Yeah, certainly, we don't see any reason why direct-to-consumer wouldn't continue to accelerate. And then in terms of terms of the gross margin improvement, I think until we get the systems built you're really not going to see that improvement until 2020. Certainly, as we get some of the other pieces in there might be some small improvement, but I don't think it'll be material.

Cory Carpenter

Analyst · JP Morgan. Please proceed with your question.

Okay, thanks.

Brian Turcotte

Management

Sure. Thank you.

Operator

Operator

Our next question comes from the line of Michael Ng with Goldman Sachs. Please proceed with your question.

Michael Ng

Analyst · Goldman Sachs. Please proceed with your question.

Great, thank you for the question. I have two if I may. The first is given the fairly wide range of growth trends across your acquisition channels. Can you think about how much the new price increases played into some of those differences? For instance, is the last year pricing better among renewing customers that get relative to some of the first year new customers? And then should we see real estate revenue accelerate into the rest of the year given that I believe that some of the price increases in real estate didn't kick in until I think earlier this year? Thanks.

Rexford Tibbens

Management

Yeah, so in terms of real estate tenants - because it's usually tied to an existing home sales contract tends to be a little less price sensitive. And then - so it's just more about expanding into and deepening our relationships with our existing brokerage firms, adding some of the other leading brokerage firms taking a very analytical approach in terms of who we're targeting. And then for direct-to-consumer certainly, as others begin to follow the price increases, price becomes less of an issue from a competitive perspective. But we're continuing to monitor our - both the renewal channel as well as a direct-to-consumer channel and it has a model. So we're, we're pretty pleased with - given the increase in price relative to our ability to continue to sell we're pretty pleased with the results.

Michael Ng

Analyst · Goldman Sachs. Please proceed with your question.

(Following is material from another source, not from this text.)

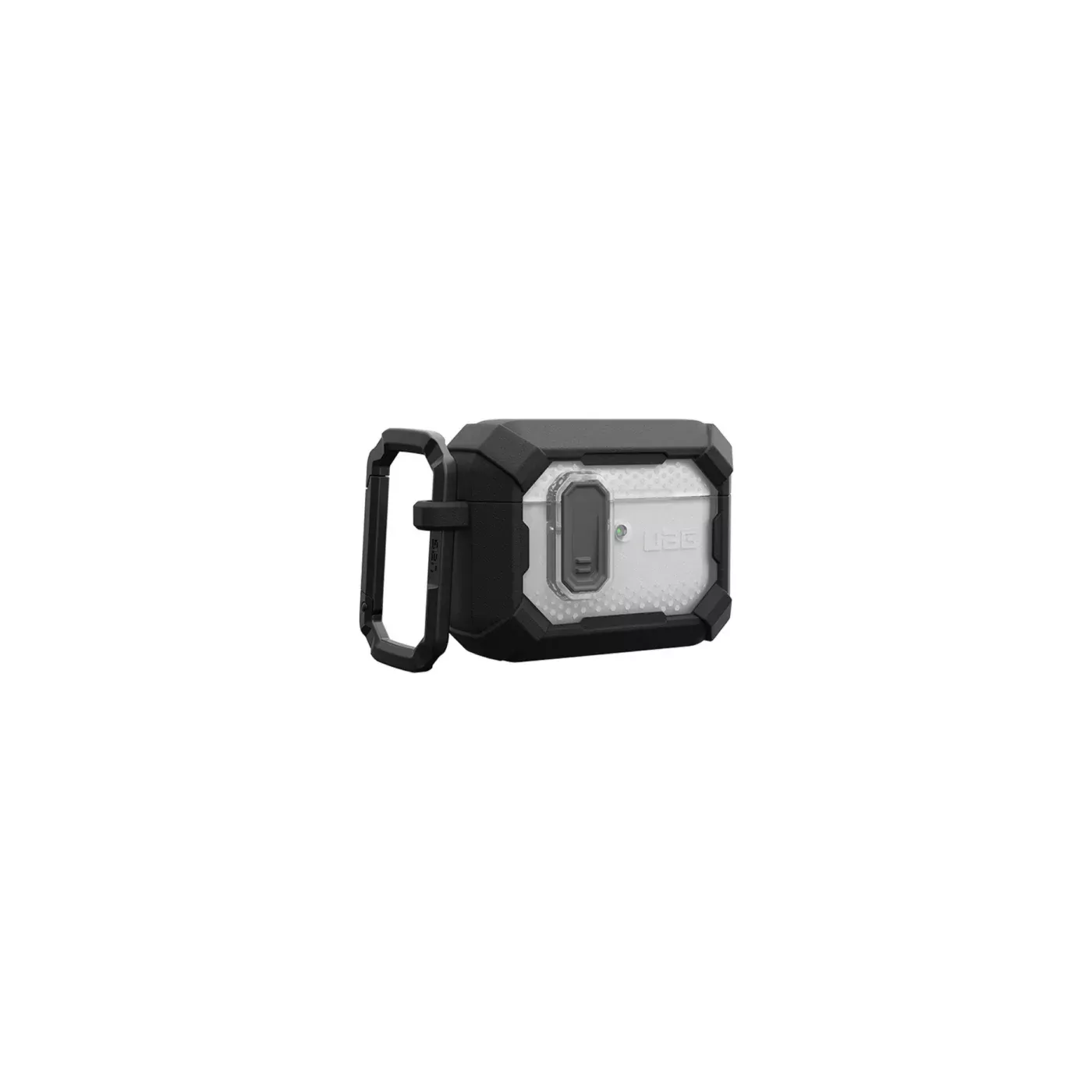 UAG Plasma Case for AirPods Pro 3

Great and a follow up, if I may, just on whether, should we see more normal weather this year in '19. Should that be helpful to claims costs given that 2018 saw such unusual weather? And could you just remind us, which were the months that were particularly hurtful to claims costs last year? Thanks.

Rexford Tibbens

Management

Well, certainly last year, we had a very cold winter and a very hot summer. So I would say that most of 2018 was tough. You think just to back October, October is one of the worst months we've had on record, right. So certainly as we - we're trying to - it's kind of joke with the heavy algorithm for weather, but that's something we're actually trying to develop. I think beyond a quarter it be tough to try to model the year, certainly, most weather services, I think, have difficulty doing that, beyond the kind of 90 day period, but that's something where we are looking at. And as whether gets better that's always a good a good thing for us and then we'll just continue to focus on process improvements and in running the business outside of weather.

Michael Ng

Analyst · Goldman Sachs. Please proceed with your question.

Great, thank you very much.

Rexford Tibbens

Management

Excellent.

Brian Turcotte

Management

Thank you.

Operator

Operator

Ladies and gentlemen, that concludes the question answer session. I will now turn the call back over to Rex Tibbens for some closing remarks.

Rexford Tibbens

Management

Thank you. Our vision for 2019 and beyond remains the same. We will continue to build a solid foundation to improve the customer experience, drive our financial performance and position us to continue to grow our core business and new on-demand services in 2020 and beyond. Unchanged with our plan is our obsession with taking the hassle out of owning the home for our customers. Thank you again and we look forward to updating you on our progress on our second quarter 2019 earnings conference call. Thank you.

Operator

Operator

Ladies and gentlemen, this does conclude today's teleconference. You may disconnect your lines at this time. Thank you for your participation and have a wonderful day.